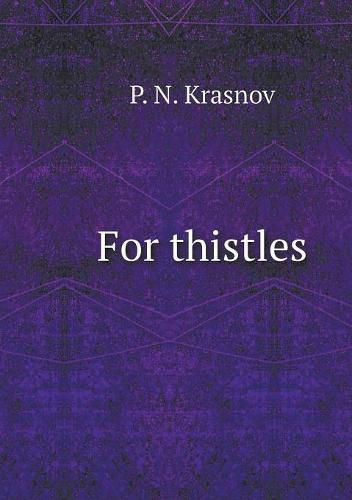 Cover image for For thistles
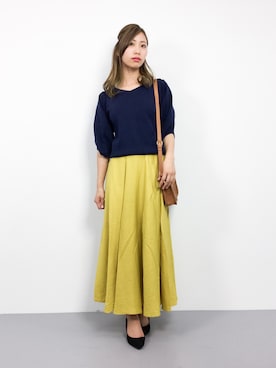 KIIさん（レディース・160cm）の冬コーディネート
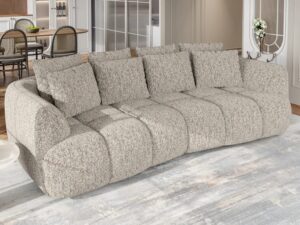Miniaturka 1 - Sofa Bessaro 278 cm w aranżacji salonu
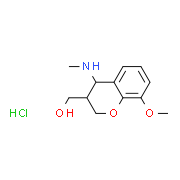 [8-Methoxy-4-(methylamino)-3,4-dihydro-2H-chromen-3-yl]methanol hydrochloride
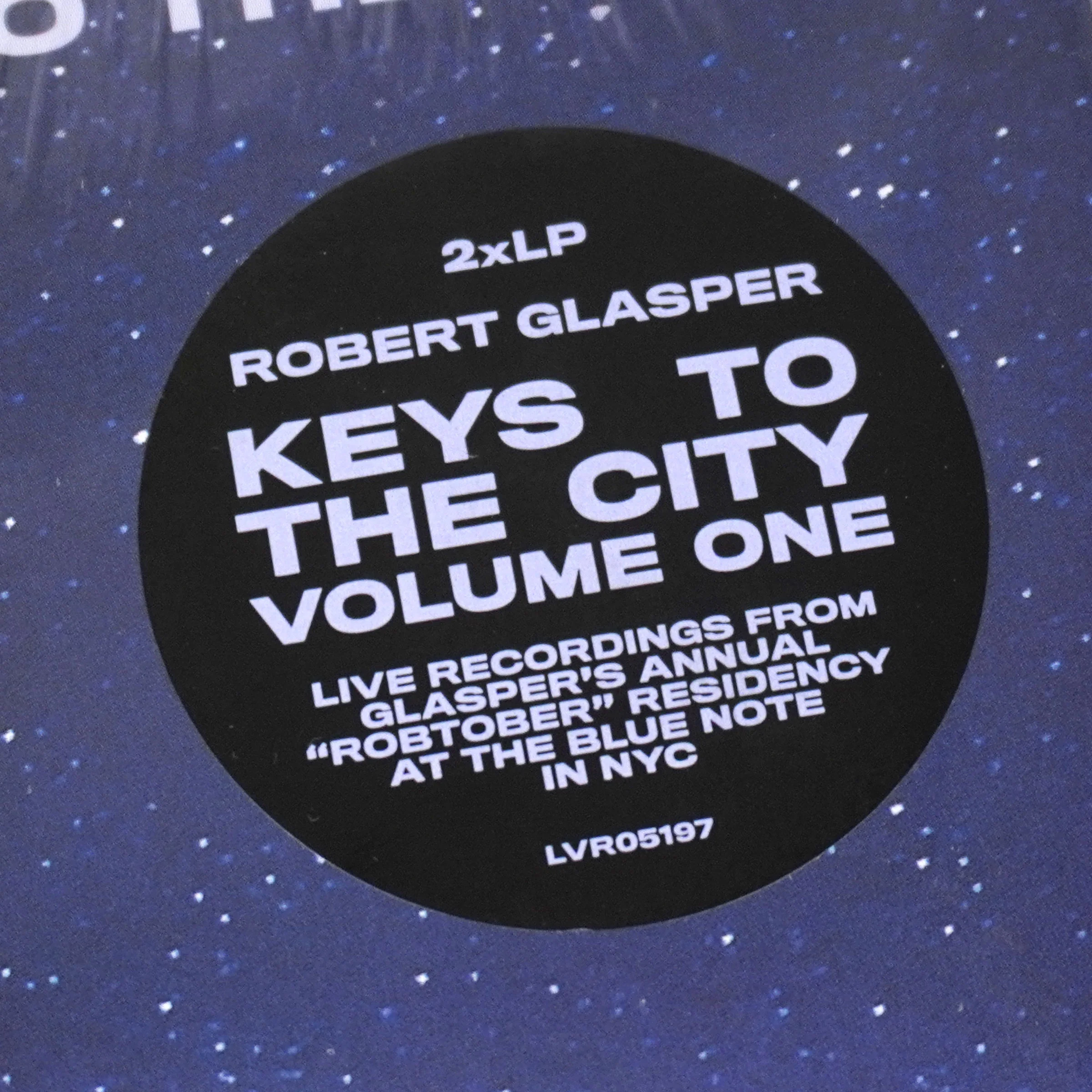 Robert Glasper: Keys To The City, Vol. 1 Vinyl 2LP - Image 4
================================
All pictures are to be dropped, and the records above returned exactly.

 Cover image for For thistles
 KIIさん（レディース・160cm）の冬コーディネート
Miniaturka 1 - Sofa Bessaro 278 cm w aranżacji salonu
 [8-Methoxy-4-(methylamino)-3,4-dihydro-2H-chromen-3-yl]methanol hydrochloride
 Robert Glasper: Keys To The City, Vol. 1 Vinyl 2LP - Image 4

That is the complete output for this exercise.